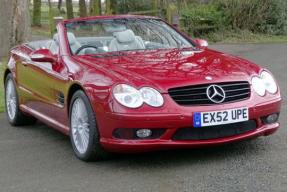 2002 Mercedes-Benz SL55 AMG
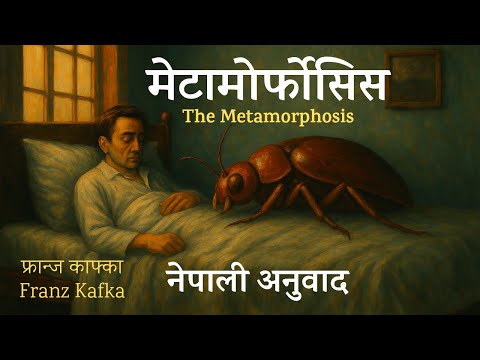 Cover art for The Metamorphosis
--
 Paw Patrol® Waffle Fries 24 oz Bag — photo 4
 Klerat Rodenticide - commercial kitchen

__Task to complete__.
Starting at the line containing "2002 Mercedes-Benz SL55 AMG" and stopping at the line containing "Cover art for The Metamorphosis", output each line exactly as it appears above. Leave out the pictures.

__Problem solution__.
 2002 Mercedes-Benz SL55 AMG
 Cover art for The Metamorphosis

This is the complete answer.